Les Croates, qui sont une tribu de la race illyrienne contenue entre la Drave, le Danube, la mer Noire, les Balkans, l’Adriatique et les Alpes tyroliennes, ont joué le rôle le plus intelligent et le plus actif au milieu de cette crise d’une si vaste portée politique et sociale. Si l’inspiration et l’instinct ont eu plus d’empire que la science sur leurs rudes esprits, il ne serait cependant pas exact de dire que la réflexion, la politique, dans son acception simple et vraie, aient été étrangères à leurs combinaisons, aujourd’hui victorieuses. Pour des barbares, les Illyriens de la Croatie ont remarquablement raisonné, et, bien qu’ils aient été amenés sur le théâtre de l’action beaucoup plus tôt qu’ils ne l’espéraient, ils ont sagement conduit leur naissante fortune. Aussi bien cette même sagesse a-t-elle présidé aux humbles commencemens de l’illyrisme[1].

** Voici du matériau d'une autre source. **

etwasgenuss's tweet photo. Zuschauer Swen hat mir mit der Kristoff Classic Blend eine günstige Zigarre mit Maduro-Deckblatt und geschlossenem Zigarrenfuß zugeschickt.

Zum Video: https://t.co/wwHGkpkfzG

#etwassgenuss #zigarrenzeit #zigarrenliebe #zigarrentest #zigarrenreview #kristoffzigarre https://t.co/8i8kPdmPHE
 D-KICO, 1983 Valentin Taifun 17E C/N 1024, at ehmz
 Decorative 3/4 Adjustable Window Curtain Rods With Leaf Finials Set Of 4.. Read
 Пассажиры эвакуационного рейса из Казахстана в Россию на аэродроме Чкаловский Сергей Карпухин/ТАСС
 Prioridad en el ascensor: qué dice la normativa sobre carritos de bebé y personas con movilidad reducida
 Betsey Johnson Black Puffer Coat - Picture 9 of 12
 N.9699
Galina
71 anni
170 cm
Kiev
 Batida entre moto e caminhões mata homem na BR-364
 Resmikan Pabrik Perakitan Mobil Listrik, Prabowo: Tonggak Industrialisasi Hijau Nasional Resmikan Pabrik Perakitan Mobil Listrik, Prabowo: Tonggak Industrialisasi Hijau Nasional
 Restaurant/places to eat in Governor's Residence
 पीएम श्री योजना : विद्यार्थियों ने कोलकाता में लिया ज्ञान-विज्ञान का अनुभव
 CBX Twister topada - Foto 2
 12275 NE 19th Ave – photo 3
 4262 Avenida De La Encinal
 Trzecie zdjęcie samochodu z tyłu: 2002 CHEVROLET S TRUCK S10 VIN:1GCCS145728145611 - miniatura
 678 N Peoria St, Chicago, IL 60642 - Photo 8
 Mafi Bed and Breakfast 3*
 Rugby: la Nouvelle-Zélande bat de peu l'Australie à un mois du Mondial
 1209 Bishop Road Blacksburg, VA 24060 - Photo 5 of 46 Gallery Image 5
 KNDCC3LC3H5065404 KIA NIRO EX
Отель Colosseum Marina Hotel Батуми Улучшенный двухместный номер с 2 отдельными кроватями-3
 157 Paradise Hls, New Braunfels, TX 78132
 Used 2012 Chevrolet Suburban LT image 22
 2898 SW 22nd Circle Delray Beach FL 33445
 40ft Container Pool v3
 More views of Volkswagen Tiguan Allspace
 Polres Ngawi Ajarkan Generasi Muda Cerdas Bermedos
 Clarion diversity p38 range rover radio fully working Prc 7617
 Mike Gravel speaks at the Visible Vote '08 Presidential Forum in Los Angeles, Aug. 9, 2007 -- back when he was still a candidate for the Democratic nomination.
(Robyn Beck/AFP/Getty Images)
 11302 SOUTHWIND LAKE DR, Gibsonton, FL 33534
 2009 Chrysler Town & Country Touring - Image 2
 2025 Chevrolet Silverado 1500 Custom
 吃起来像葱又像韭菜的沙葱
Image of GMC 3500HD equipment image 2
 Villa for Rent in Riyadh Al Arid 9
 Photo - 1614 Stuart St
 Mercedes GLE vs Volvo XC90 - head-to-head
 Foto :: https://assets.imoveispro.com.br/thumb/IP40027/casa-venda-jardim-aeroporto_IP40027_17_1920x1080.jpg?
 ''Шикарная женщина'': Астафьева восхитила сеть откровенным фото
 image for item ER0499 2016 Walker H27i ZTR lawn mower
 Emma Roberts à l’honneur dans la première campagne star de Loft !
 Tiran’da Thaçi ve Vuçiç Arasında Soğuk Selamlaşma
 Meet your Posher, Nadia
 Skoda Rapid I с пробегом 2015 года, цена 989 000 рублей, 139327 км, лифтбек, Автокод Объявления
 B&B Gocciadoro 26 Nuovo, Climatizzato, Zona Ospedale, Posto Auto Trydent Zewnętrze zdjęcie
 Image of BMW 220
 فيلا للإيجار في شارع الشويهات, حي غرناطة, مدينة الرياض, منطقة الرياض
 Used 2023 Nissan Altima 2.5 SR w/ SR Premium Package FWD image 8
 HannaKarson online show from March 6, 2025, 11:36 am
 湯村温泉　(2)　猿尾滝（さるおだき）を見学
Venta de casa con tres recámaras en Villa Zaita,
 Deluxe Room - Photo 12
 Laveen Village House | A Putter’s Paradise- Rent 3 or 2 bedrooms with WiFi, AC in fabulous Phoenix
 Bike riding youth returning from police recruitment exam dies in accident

En 1835, lorsque M. Louis Gaj, très jeune, encore inconnu, sans autre ressource qu’un talent flexible et sans autre autorité que celle d’une conviction ferme, essaya d’agiter la Croatie dans un intérêt national et dans une pensée hostile aux Magyars, les circonstances lui commandaient la plus grande réserve. L’entreprise à laquelle il se livrait ainsi avec la foi de la jeunesse était, à y regarder de près, aussi menaçante pour l’Autriche allemande que pour la Hongrie magyare. Il y avait des périls certains, inévitables à attaquer l’Autriche en face. L’oeuvre et l’écrivain eussent été précipités, par cette imprudence, dans une ruine commune et prompte. De leur côté, les Magyars étaient alors puissans par leur privilège de race gouvernante en Hongrie, et il ne fallait point que la Hongrie restât libre d’étouffer ce premier germe de l’illyrisme. M. Gaj, qui avait su voiler ses plans sous le simple prétexte de défendre la langue illyrienne et les libertés locales de la Croatie contre les ambitions de la langue et de la centralisation magyares, sut en même temps intéresser l’Autriche à sa cause en lui donnant à entendre qu’elle pourrait trouver en Croatie un point d’appui contre les Hongrois. C’était un moyen assuré de séduire le gouvernement autrichien, très ami de ces contre-poids à l’aide desquels chacune des populations de l’empire pouvait tenir les autres en échec. L’intrépide et prudent agitateur de la Croatie, s’était montré habile en ne proclamant pas tout d’abord son but, qui était de réveiller le sentiment national des populations illyriennes de l’Autriche, c’est-à-dire des Croates, des Esclavons, des Dalmates, des Carniolais, des Carinthiens et de la Styrie méridionale. La

  1. L’histoire en a été exposée en détail dans cette Revue le 15 mars 1847 sous ce titre la Grande Illyrie et le Mouvement illyrien, et le 15 décembre suivant sous cet autre titre : la Hongrie et le Mouvement magyar.